Ainsi l’arrêt commune de Grande-Synthe esquive-t-il sans doute la question la plus embarrassante pour la Haute Assemblée : celle de l’intégration de l’urgence écologique et climatique au sein de l’intérêt général et d’une hiérarchie des intérêts au sommet de laquelle trônerait l’action contre le dérèglement climatique. Les conclusions du rapporteur public sont d’ailleurs bien peu loquaces sur le sujet : « Vous écarterez le moyen tiré de ce que le refus implicite de prendre toute mesure d’initiative réglementaire tendant à rendre obligatoire la priorité climatique serait entaché d’erreur manifeste d’appréciation car il n’est pas assorti des précisions suffisantes permettant d’en apprécier le bien-fondé ». Et ce qui ne transparaît même pas de l’arrêt c’est que pour parvenir à cette conclusion, le rapporteur public a dû s’employer à neutraliser l’invocation des articles 3, 5, 6 de la Charte de l’environnement, une invocation originale[1] de l’article 5 de la constitution de 1958 mais encore l’invocation combinée[2] des articles 2 et 8 de la convention européenne de sauvegarde des droits de l’Homme et des libertés fondamentales…

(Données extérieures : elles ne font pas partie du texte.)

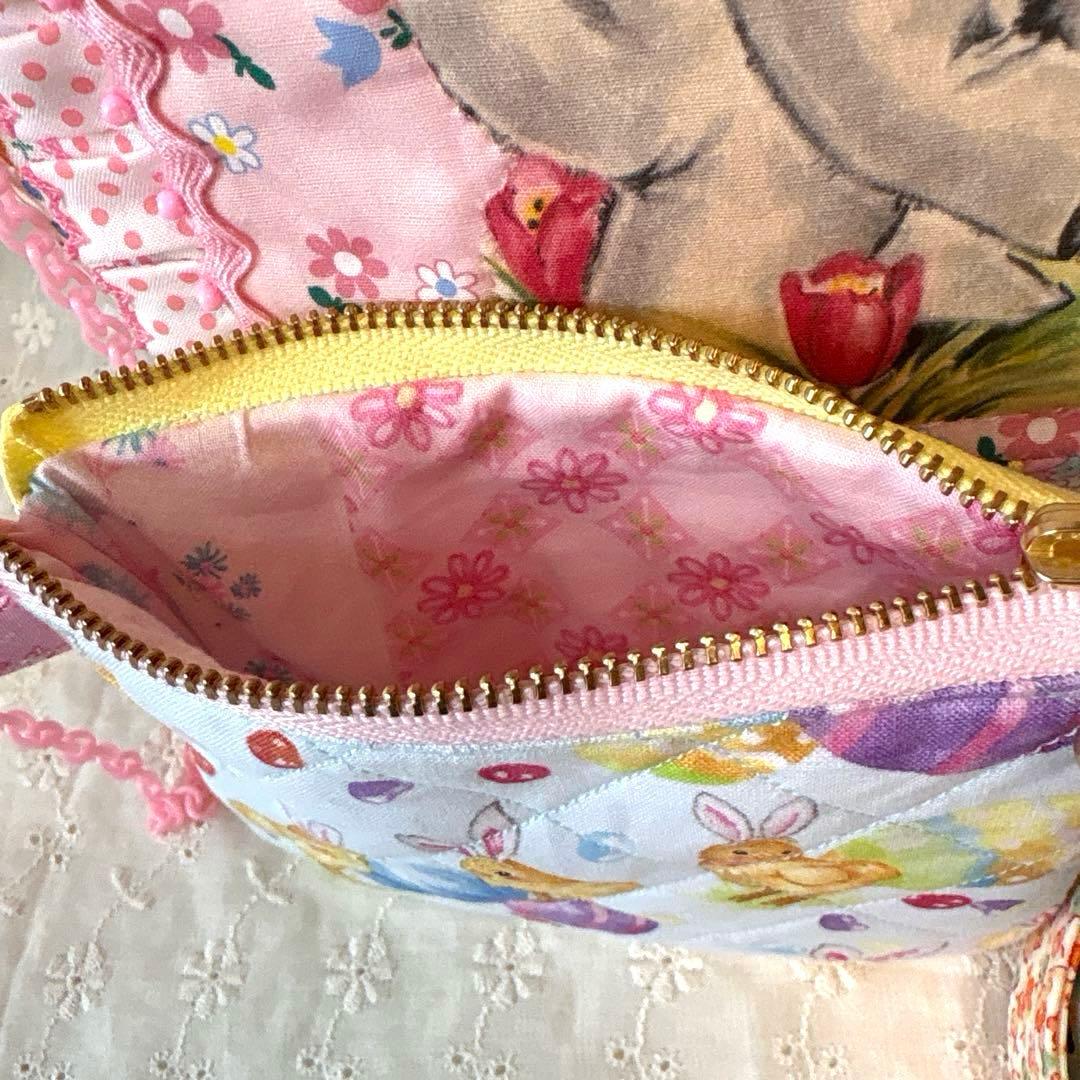 サーティーズ復刻版パッチワークトートバッグ ショルダー紐、ミニポーチ付き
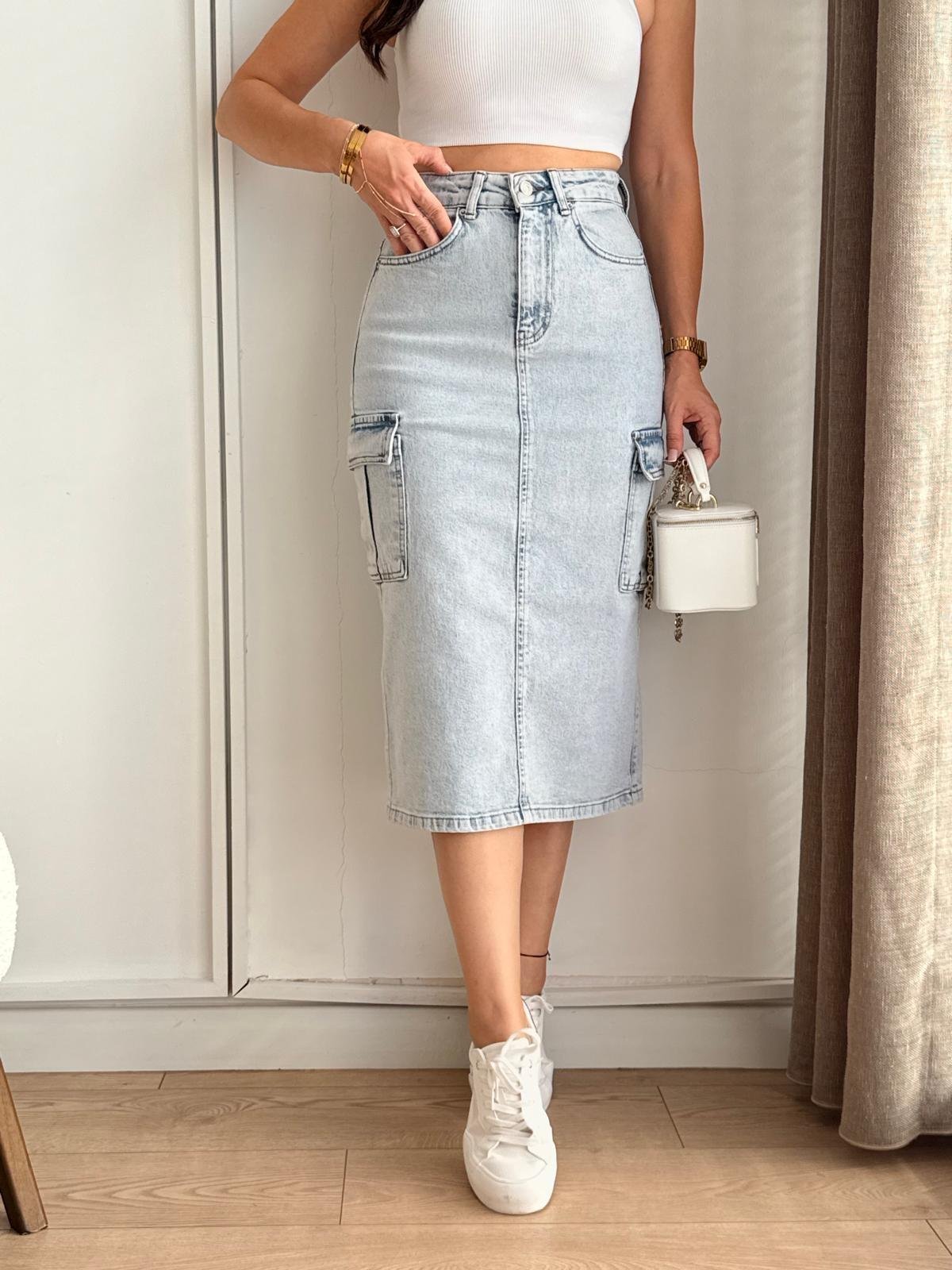 Buz mavisi Cepli Yırtmaçlı Denim Etek 1023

Pour le Rapporteur public, cette « autre ligne [des requérants] est moins claire : elle mobilise différents instruments juridiques et des exemples juridictionnels étrangers pour considérer que la France doit en faire plus que ce que sont ses engagements ».

In fine, avec son arrêt « Commune de Grande-Synthe, la Haute Assemblée se garde bien de reconnaître une priorité, au sein de la hiérarchie des normes, à une quelconque « urgence climatique » ; ou même ne serait-ce que d’entrouvrir la porte à une réelle actio popularis permettant de déclencher un contrôle de la prise en compte effective de la priorité écologique.

On ne doit jamais perdre de vue qu’au Conseil d’Etat les plus grands changements se font toujours dans la continuité jurisprudentielle de deux siècles d’histoire constitutionnelle, traversés par la Haute Assemblée malgré les soubresauts des régimes politiques successifs qu’a connu la France.

Le Conseil d’Etat ne fait jamais qu’inscrire la révolution climatique dans sa conception hypermoderne du droit[3]… affaire (du siècle) à suivre.


[1] Selon les requérants le dérèglement climatique impliquant le risque de l’érosion côtière, le président de la République devait en tant que « garant de l’intégrité du territoire » devait en faire une priorité. Mais pour le rapporteur public « cette notion implique une modification de la consistance juridique du territoire, en cas de cession ou d’échange par exemple ».

[2] Ainsi par une décision du 20 décembre 2019, la Cour suprême des Pays-Bas a non seulement confirmé que le réchauffement climatique doit être tenu pour un fait juridique mais elle a jugé que l’Etat batave a un « devoir de protection » des citoyens contre les causes et conséquences du changement climatique, au titre des articles 2 et 8 de la Convention européenne des droits de l’Homme (Hoge Raad, 20-12-2019 / 19/00135).

[3] J. Chevallier, Vers un droit post-moderne ? Les transformations de la régulation juridique. Revue du droit public et de la science politique, LGDJ, 1998, pp. 659-714.